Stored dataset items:
###

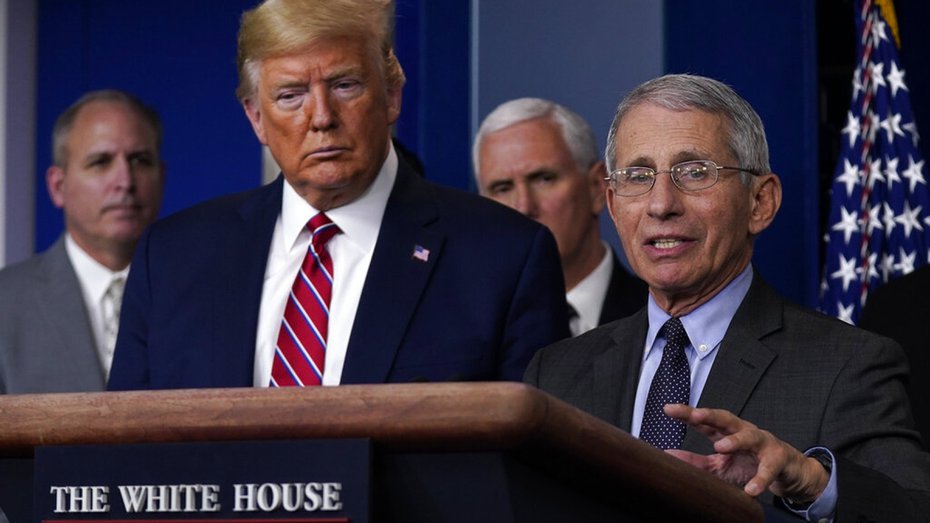 US President Donald Trump listens as Director of the National Institute of Allergy and Infectious Diseases Dr. Anthony Fauci speaks during a coronavirus task force briefing at the White House, Friday, March 20, 2020, in Washington. (AP Photo/Evan Vucci)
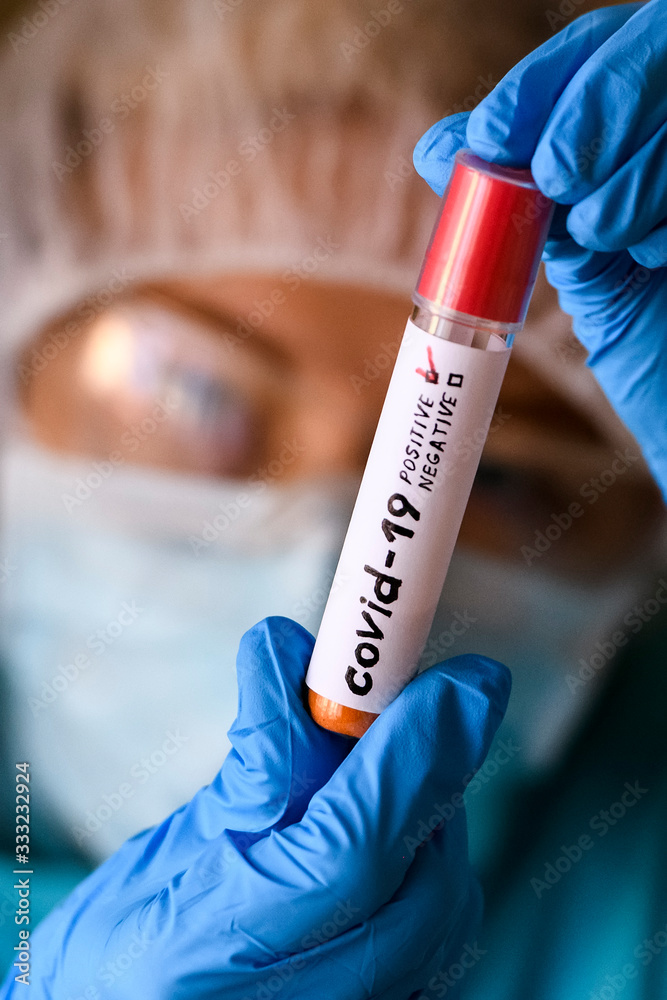 Fototapeta premium Woman in protective suit hold test tube with positive result infected with coronavirus COVID - 19.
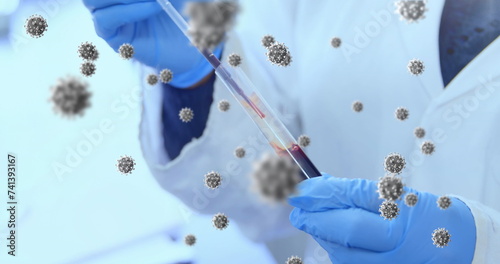 Image of floating macro Covid-19 cells over doctor taking sample and wearing medical gloves in lab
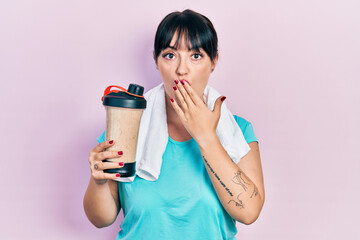 Canvas Print - Young hispanic woman wearing sport clothes drinking a protein shake covering mouth with hand, shocked and afraid for mistake. surprised expression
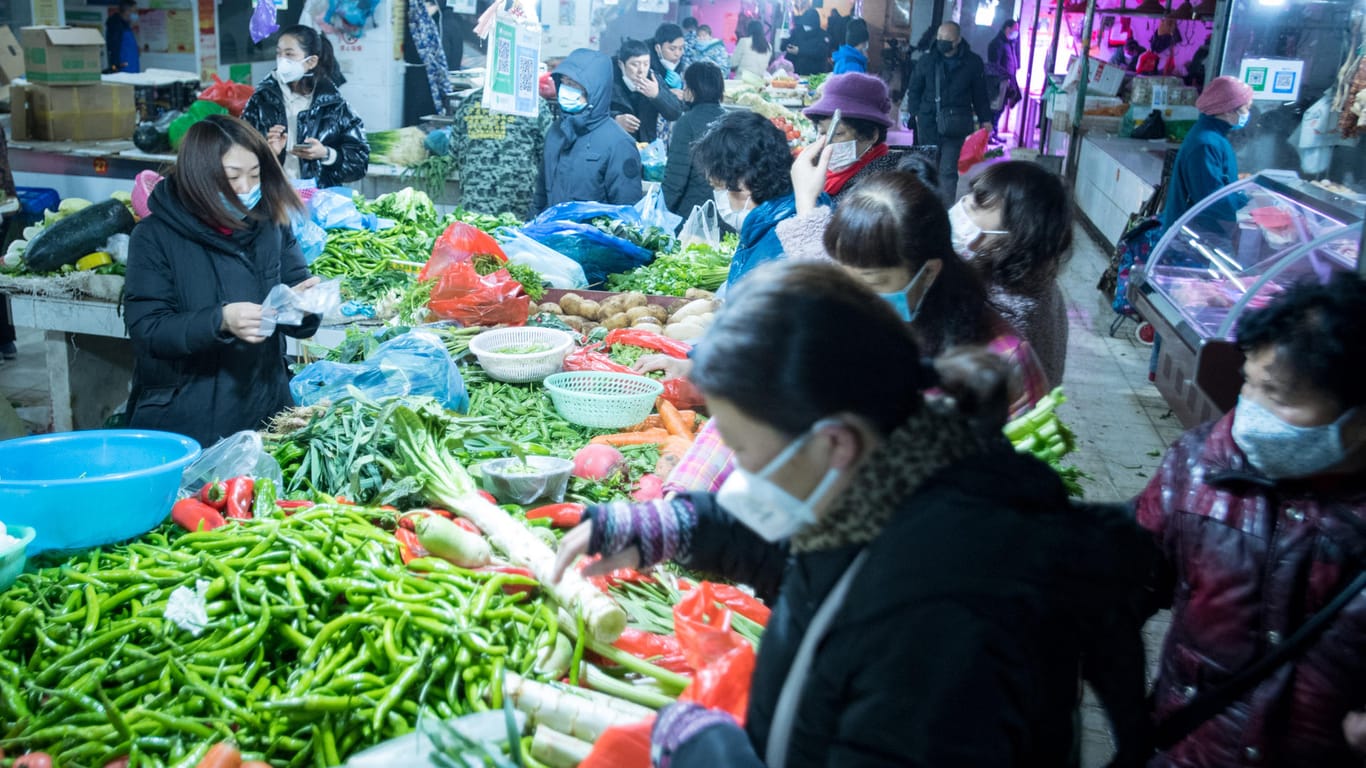 Bürger kaufen Gemüse auf einem Markt in Wuhan: Vermutlich wurde das Virus auf einem solchen Markt von einem Wildtier auf den Menschen übertragen.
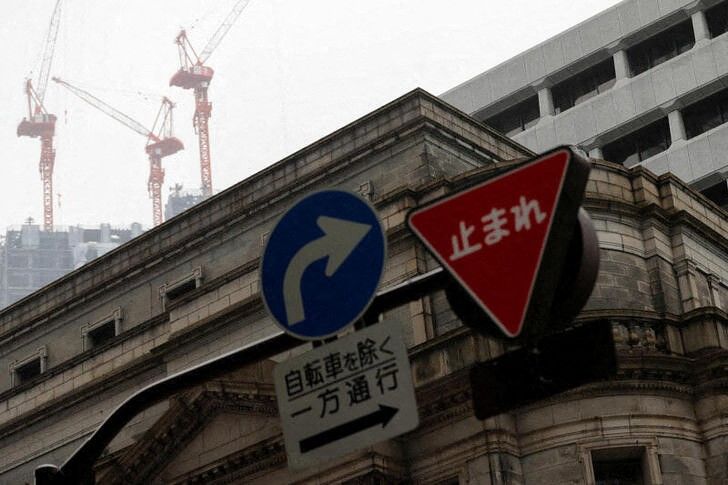 Traffic signs are seen in front of the headquarters of Bank of Japan amid the coronavirus disease (COVID-19) outbreak in Tokyo, Japan, May 22, 2020.REUTERS/Kim Kyung-Hoon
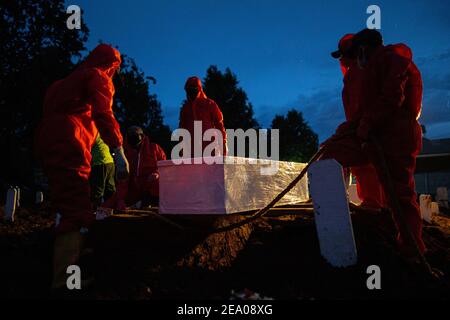 Des digesteurs de graves enterrent un cercueil d'une victime du coronavirus Covid-19 dans un cimetière spécial de Jakarta le 26 janvier 2021. Banque D'Images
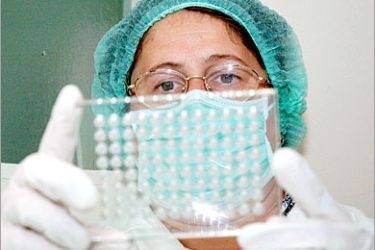 REUTERS/ Veterinary virologist Zamzamiya Pastukhova tests the blood of hens for bird flu virus at the central veterinary laboratory in the Siberian city of Krasnoyarsk August 6, 2005. Bird flu has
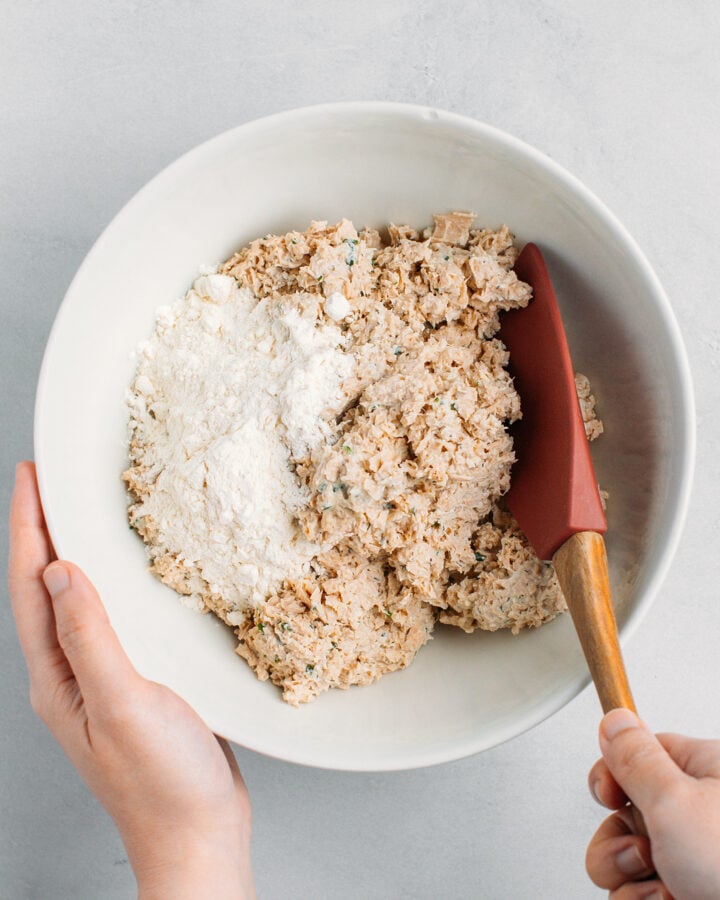 Mixing processed textured vegetable protein and tofu with flour.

###

Try it → Retype all the entries word for word; the pictures stay out.

Exercise result →
 US President Donald Trump listens as Director of the National Institute of Allergy and Infectious Diseases Dr. Anthony Fauci speaks during a coronavirus task force briefing at the White House, Friday, March 20, 2020, in Washington. (AP Photo/Evan Vucci)
 Fototapeta premium Woman in protective suit hold test tube with positive result infected with coronavirus COVID - 19.
 Image of floating macro Covid-19 cells over doctor taking sample and wearing medical gloves in lab
 Canvas Print - Young hispanic woman wearing sport clothes drinking a protein shake covering mouth with hand, shocked and afraid for mistake. surprised expression
 Bürger kaufen Gemüse auf einem Markt in Wuhan: Vermutlich wurde das Virus auf einem solchen Markt von einem Wildtier auf den Menschen übertragen.
 Traffic signs are seen in front of the headquarters of Bank of Japan amid the coronavirus disease (COVID-19) outbreak in Tokyo, Japan, May 22, 2020.REUTERS/Kim Kyung-Hoon
 Des digesteurs de graves enterrent un cercueil d'une victime du coronavirus Covid-19 dans un cimetière spécial de Jakarta le 26 janvier 2021. Banque D'Images
 REUTERS/ Veterinary virologist Zamzamiya Pastukhova tests the blood of hens for bird flu virus at the central veterinary laboratory in the Siberian city of Krasnoyarsk August 6, 2005. Bird flu has
 Mixing processed textured vegetable protein and tofu with flour.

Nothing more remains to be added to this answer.